**RECORDS FOR THE EXERCISE**
* * * * * * *
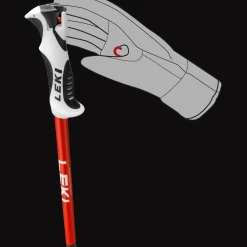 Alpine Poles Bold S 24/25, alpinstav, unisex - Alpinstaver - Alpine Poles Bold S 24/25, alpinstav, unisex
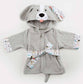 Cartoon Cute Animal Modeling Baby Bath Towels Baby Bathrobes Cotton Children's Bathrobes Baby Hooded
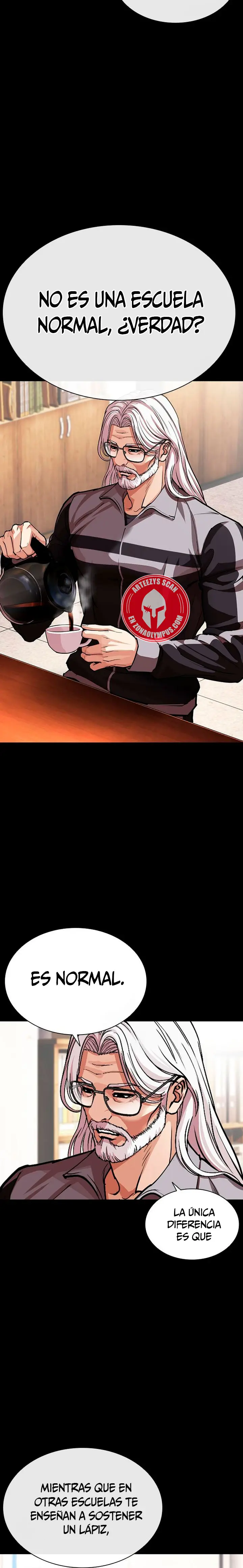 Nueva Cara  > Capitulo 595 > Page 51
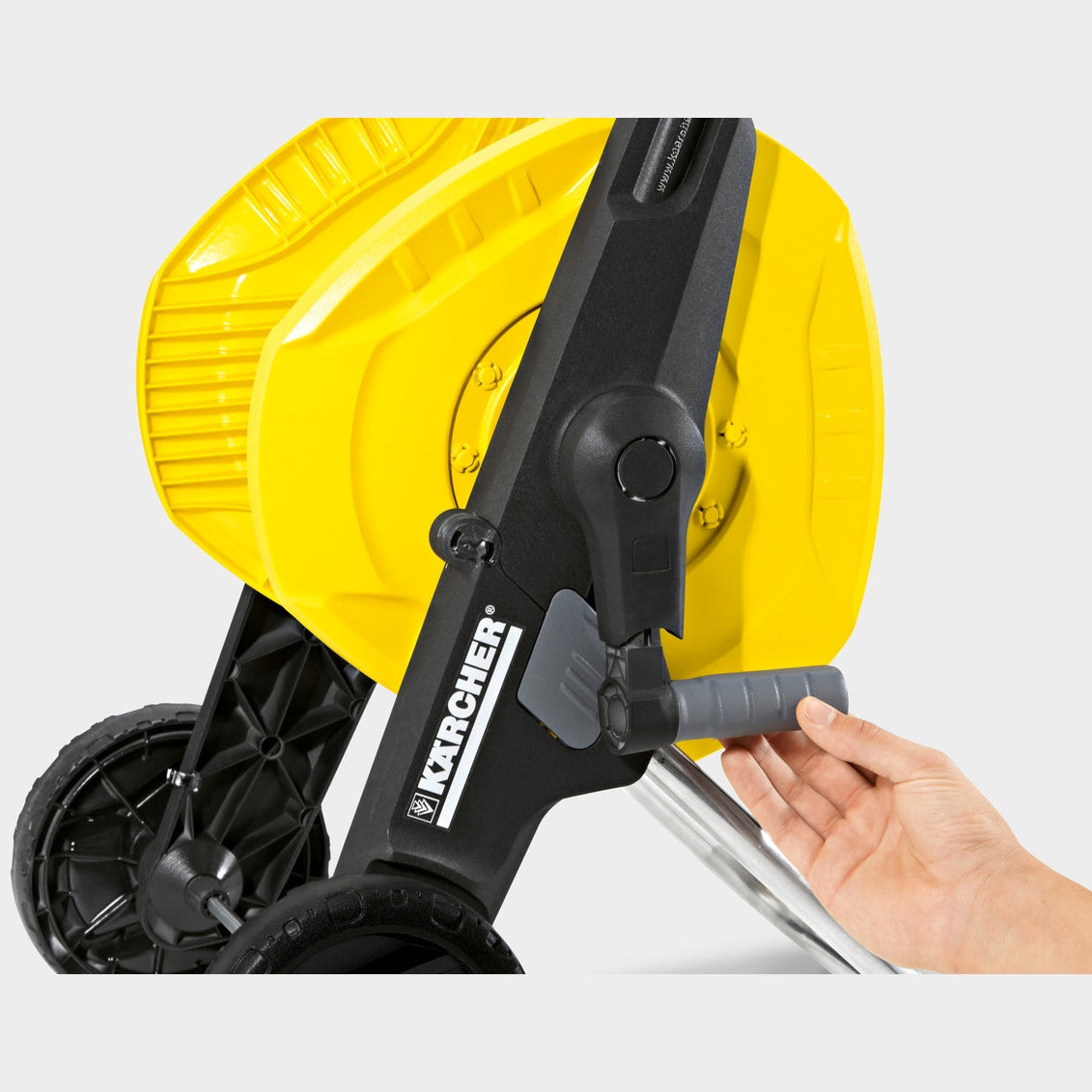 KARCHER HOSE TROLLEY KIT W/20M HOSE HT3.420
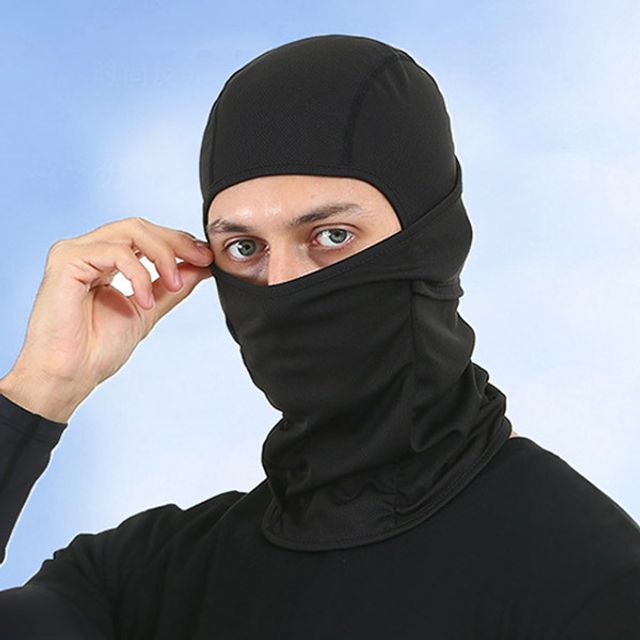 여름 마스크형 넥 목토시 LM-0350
* * * * * * *
**WHAT YOU WILL DO**
Please set down the lines above word for word and leave out the pictures.

**OUTPUT**
 Alpine Poles Bold S 24/25, alpinstav, unisex - Alpinstaver - Alpine Poles Bold S 24/25, alpinstav, unisex
 Cartoon Cute Animal Modeling Baby Bath Towels Baby Bathrobes Cotton Children's Bathrobes Baby Hooded
 Nueva Cara  > Capitulo 595 > Page 51
 KARCHER HOSE TROLLEY KIT W/20M HOSE HT3.420
 여름 마스크형 넥 목토시 LM-0350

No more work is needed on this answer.